In the months before the shootings, the suspect’s behavior displayed marked signs of serious mental problems, including confusing speech, disruptiveness in class, bizarre imagery, deterioration in social, academic, and occupational functioning, and a dramatic personality change. With such blatant signals, why didn’t others intervene? Arizona law allows any interested party to report an individual’s bizarre or threatening behavior to the authorities, who can involuntarily commit the individual for psychiatric evaluation.
Though his community college suspended the suspect for his threatening demeanor, it took no further action. One reason is that American educational privacy laws severely restrict the sharing of information, even with parents, let alone with other authorities. Additional privacy protections for medical records sometimes make it difficult to notify parents when a child is troubled.
Moreover, the US Constitution prohibits preventive detention: even severely disturbed individuals cannot be detained involuntarily unless judged an imminent threat to themselves or others. College counselors apparently did not think that the suspect met this demanding threshold. Although disruptive, the suspect was able to function – as shown by the disciplined nature of the attack.
Such protections should not be surrendered easily. The irony of Sitov’s comment is that during the Soviet era, Russian political dissidents were psychiatrically diagnosed, institutionalized, and drugged into submission. Soviet Premier Nikita Khrushchev, paving the way for the political abuse of psychiatric diagnosis, argued that, “Of those who might start calling for opposition to Communism…, we can say that clearly their mental state is not normal.”
The line between angry political extremism or eccentric normality and delusional mental disorder is tricky to draw. If restrictions on involuntary commitment to prevent crime are eased, zealous prosecutors could circumvent civil liberties. Such abuses have emerged when preventive institutionalization has passed constitutional muster, as in the laws some US states have enacted in order to incarcerate “sexually violent predators.”

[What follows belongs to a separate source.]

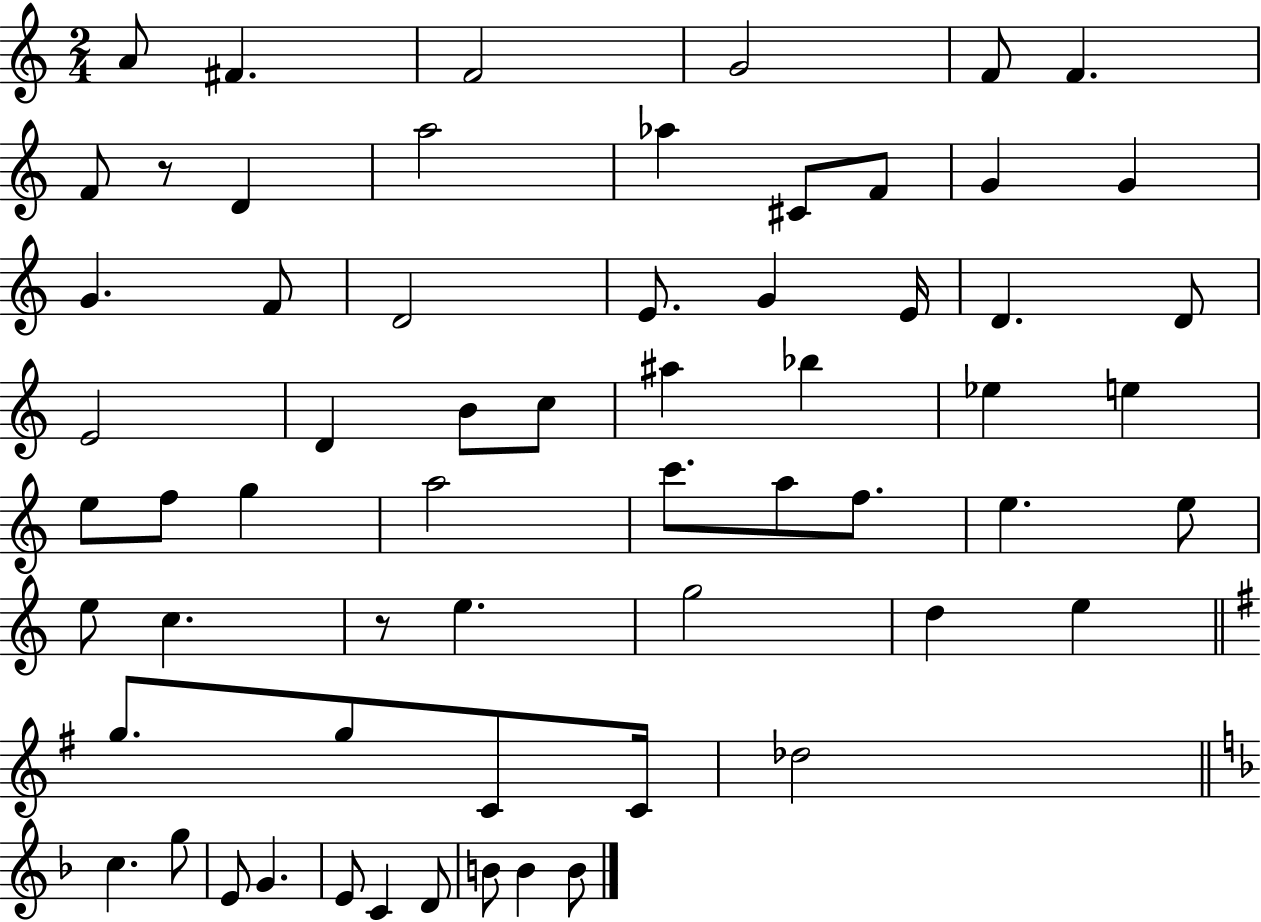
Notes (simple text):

A4/e F#4/q. F4/h G4/h F4/e F4/q. F4/e R/e D4/q A5/h Ab5/q C#4/e F4/e G4/q G4/q G4/q. F4/e D4/h E4/e. G4/q E4/s D4/q. D4/e E4/h D4/q B4/e C5/e A#5/q Bb5/q Eb5/q E5/q E5/e F5/e G5/q A5/h C6/e. A5/e F5/e. E5/q. E5/e E5/e C5/q. R/e E5/q. G5/h D5/q E5/q G5/e. G5/e C4/e C4/s Db5/h C5/q. G5/e E4/e G4/q. E4/e C4/q D4/e B4/e B4/q B4/e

So, what can be done? Sitov was correct to the extent that the Arizona shootings were likely facilitated by a uniquely American interaction between legal protection of individual privacy and freedom, lack of strong community bonds and resources, and easy access to handguns. Americans must acknowledge that educational and medical privacy laws require limited exceptions for notification of family and authorities when clear signs of severe mental illness surface, so that colleges and other institutions can take timely action.

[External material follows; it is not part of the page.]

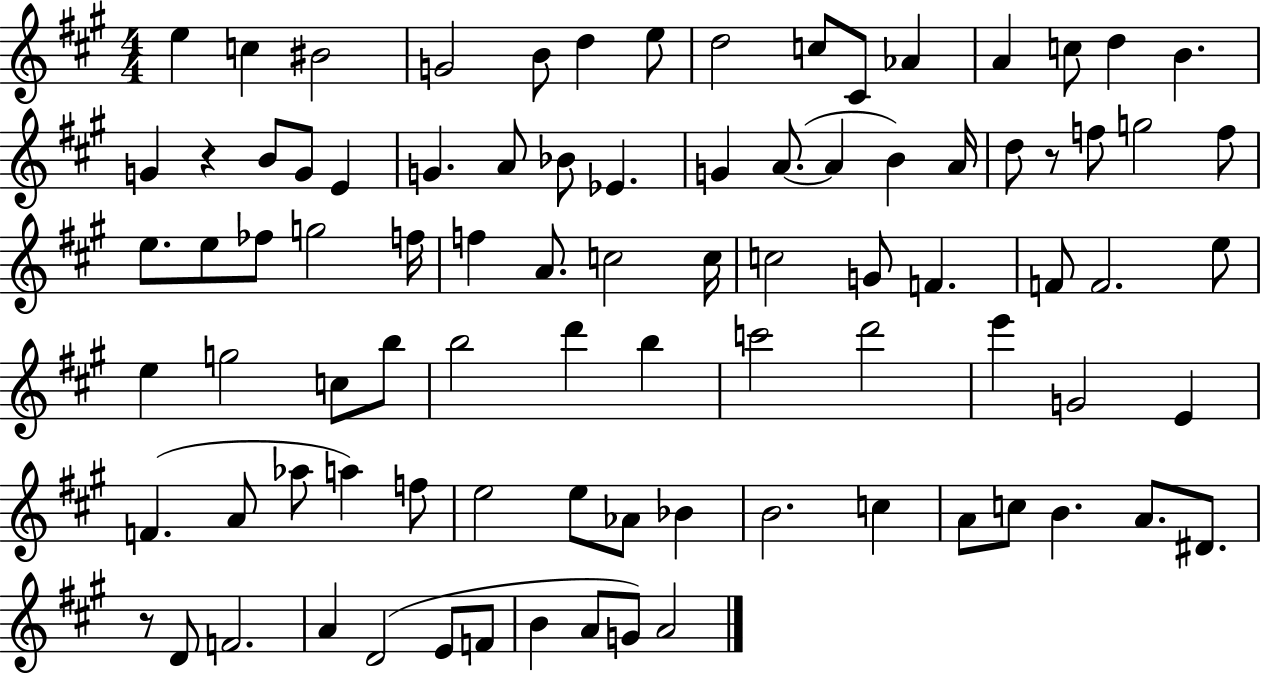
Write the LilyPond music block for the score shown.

Adequate community mental-health services with educational outreach can induce disturbed youth to get help voluntarily. Perhaps prudent loosening of the imminent-harm standard for involuntary commitment in clear cases of severe disorder might be helpful. Screening, if carefully targeted to limit errors, also may have a role to play. Finally, improved gun control vis-à-vis the severely mentally ill is imperative.
Such measures might have prevented the Arizona shootings. A stronger community response, supported by limited exceptions to legal restrictions on information-sharing, could have allowed involuntary evaluation of the suspect.
If he refused treatment and was released because he posed no imminent threat, his severe mental disorder would nonetheless have been diagnosed. Placing him immediately on a “watch list” for weapons – frequently updated under strengthened laws – could have prevented him from purchasing the gun and ammunition he subsequently used.
Jerome C. Wakefield is a professor at New York University’s Silver School of Social Work and Professor of Psychiatry at NYU’s School of Medicine.